Çocuklarla ve yetişkinlerle sürdürdüğüm yaratıcı yazma ve doğaçlama hikâye oluşturma atölyelerinde bu tarz bir yöntem kullanıyorum. Farklı nesnelerle binbir çeşit hikâye oluşturabiliyoruz. Oli ve Suzi, kullandıkları nesneleri gerçek amaçlarının dışına çıkarıp yeniden yorumlayarak şahane hikâyeler yaratıyorlar.

Hikâye çorbasına atılan her nesneyle hikâye, bambaşka bir boyuta ulaşıyor. Her adımda yeni çözüm yolları bulmaya çalışmaları ve bu süreci birlikte yönlendirmeleri çocuklar için çok değerli bir kazanım sağlıyor. Her probleme farklı çözümler bulmayı öğreniyorlar; birinin istemediği bir nesne, hikâyenin seyrinde önemli rol oynayabiliyor. En sonunda, kolektif bir üretimle en iyi hikâyeye ulaşıyorlar. Bu süreç, hayal güçlerini her oyunda daha da geliştirmelerini sağlıyor.

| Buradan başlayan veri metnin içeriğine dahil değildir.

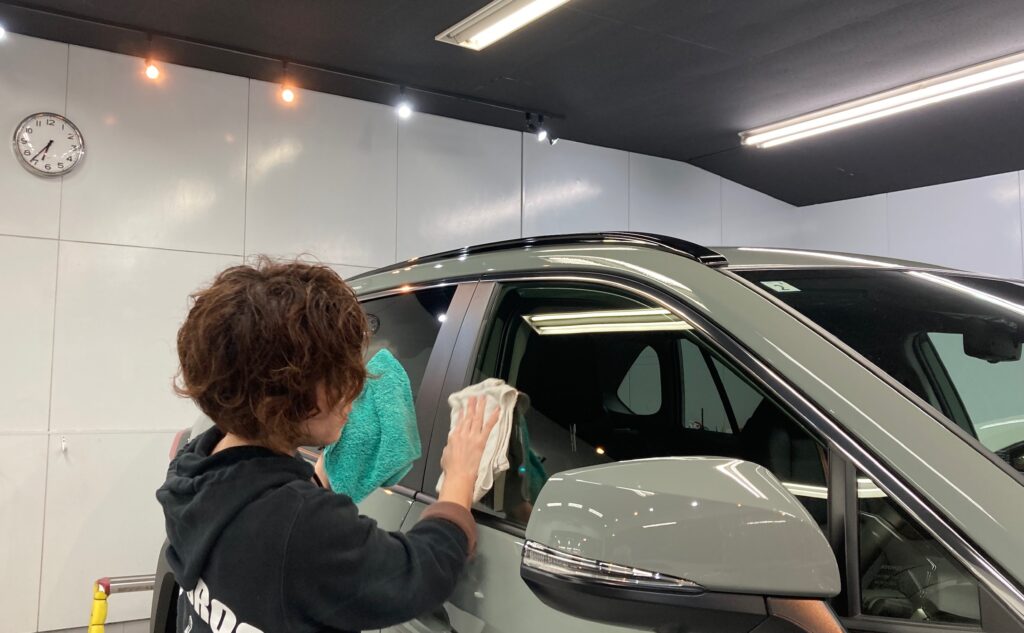 トヨタ・RAV4：クラスM施工：仕上げ作業工程：窓を拭き、最終チェックをしている様子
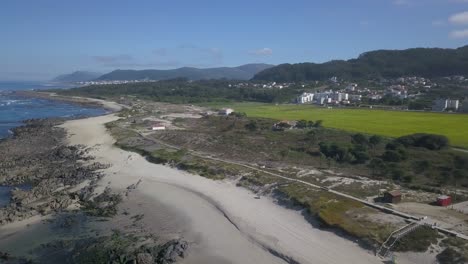 Panoramic-view-of-Portuguese-amazing-shore,-showing-the-beach-with-calm-waves-and-the-village-of-Caminha,-Portugal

Çocukların dil becerilerini ve kendilerini ifade etmelerini geliştirmede, hikâye anlatmak ve dinlemek büyük önem taşıyor. Bu tarz oyunlar ile çocuklar öğrendiklerini pekiştirirken hem kelime dağarcıklarını, hem de problem çözme becerilerini güçlendiriyorlar. Demem o ki bu kitapla ister siz çocuklarla bir hikâye oluşturma deneyimi yaşayabilirsiniz, isterseniz çocuklar sizi yönlendirerek bu sürece dâhil olabilir.

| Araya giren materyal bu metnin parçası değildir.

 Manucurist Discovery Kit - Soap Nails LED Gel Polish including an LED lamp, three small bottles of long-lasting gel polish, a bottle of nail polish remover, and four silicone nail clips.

Oli’nin Suzi’ye söylediği çok önemli bir söz var: “Ders veren bir hikâye istemiyorum!” Tam da bu türden kitaplara ihtiyacı var çocukların. Yeni deneyimlere yelken açarken herhangi bir kısıtlamaya maruz kalmadan, deneyerek öğrendikleri süreçlerle hem daha iyi bir okuyucu hem de iyi bir anlatıcı olabilirler. Umarım her çocuğun yolu bu tür kitaplarla kesişir. Kitaplarla yolu kesişmeyenin “Nesneden Yazıya: Doğaçlama Hikâye” atölyelerimle buluşması dileğiyle… Dört bir yanımızı, bizi zenginleştiren hikâyeler sarsın. Ve tabii ki hikâyelerin sonları hep mutlu bitsin… Keyifli okumalar olsun…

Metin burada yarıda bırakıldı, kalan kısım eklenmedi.